# It's not a paph but still...



## Candace (Jul 18, 2007)

It's an award. Here's a link to my plant that received an AM/AOS of 83 pts.
http://www.csnjc.org/July2007/cgreenemerald.html


Thanks for looking.


----------



## Heather (Jul 18, 2007)

Hey! Congratulations on the award! That's fabulous!


----------



## bwester (Jul 18, 2007)

Congrats!!!!


----------



## likespaphs (Jul 18, 2007)

neato!
though, i must admit i'm a little surprised you didn't name the cultivar after me...
oh, actually, i'm not so surprised...


----------



## Candace (Jul 18, 2007)

I didn't name it. It was previously awarded an HCC, so that person named it.

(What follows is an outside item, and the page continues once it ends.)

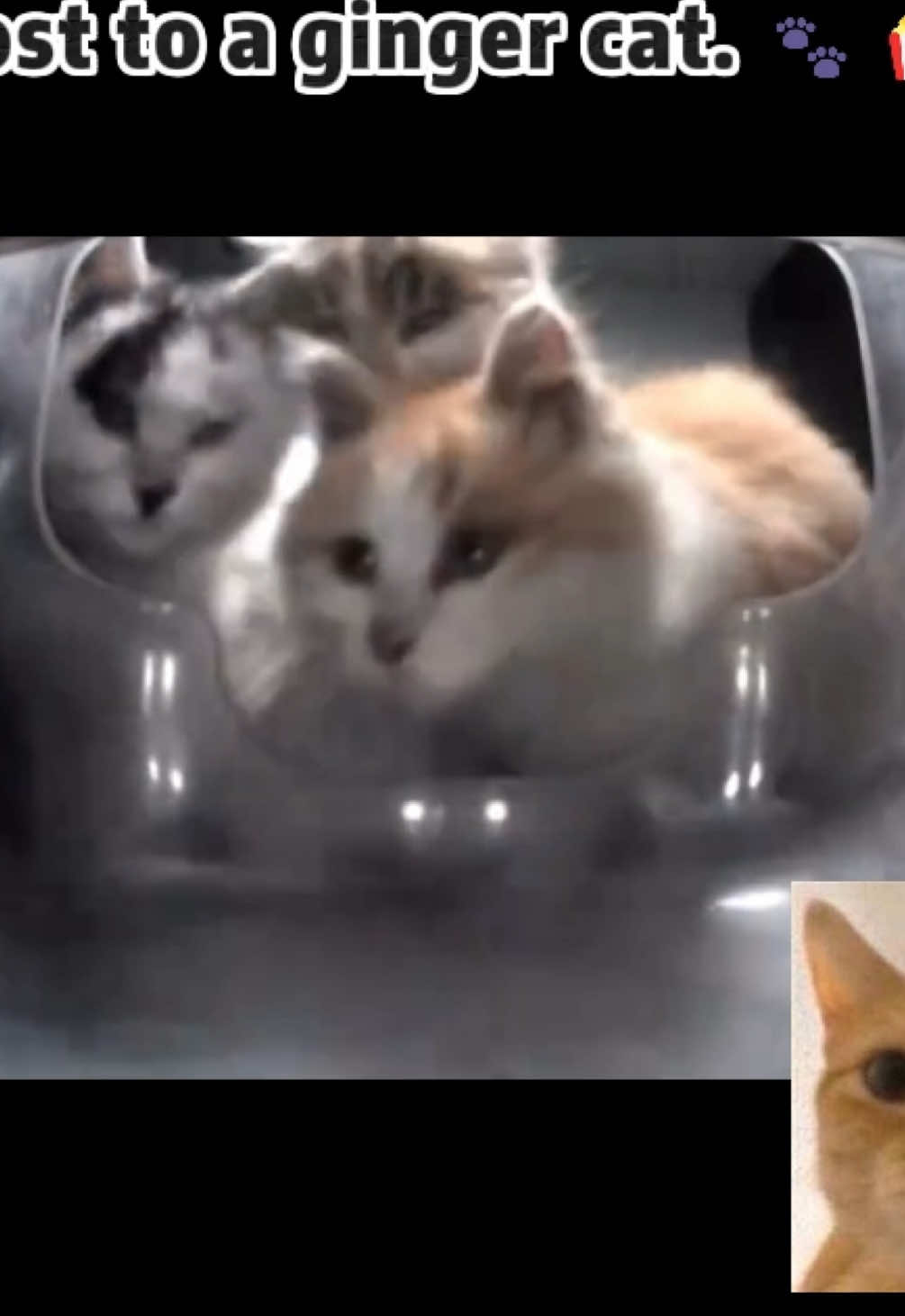 @Purrrr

It's a clone, not a seedling. I for sure wouldn't have come up with that name!


----------



## NYEric (Jul 18, 2007)

Congrats. Was it fragrant?


----------



## Candace (Jul 18, 2007)

Yes, still in bloom and is very morning fragrant.


----------



## suss16 (Jul 18, 2007)

Nice flower and great growing! Moving a HCC plant to an AM is a great accomplishment.


----------



## Heather (Jul 18, 2007)

Nice violacea too!


----------



## Candace (Jul 18, 2007)

> Nice violacea too!



What violacea?


----------



## dave b (Jul 18, 2007)

Great job!


----------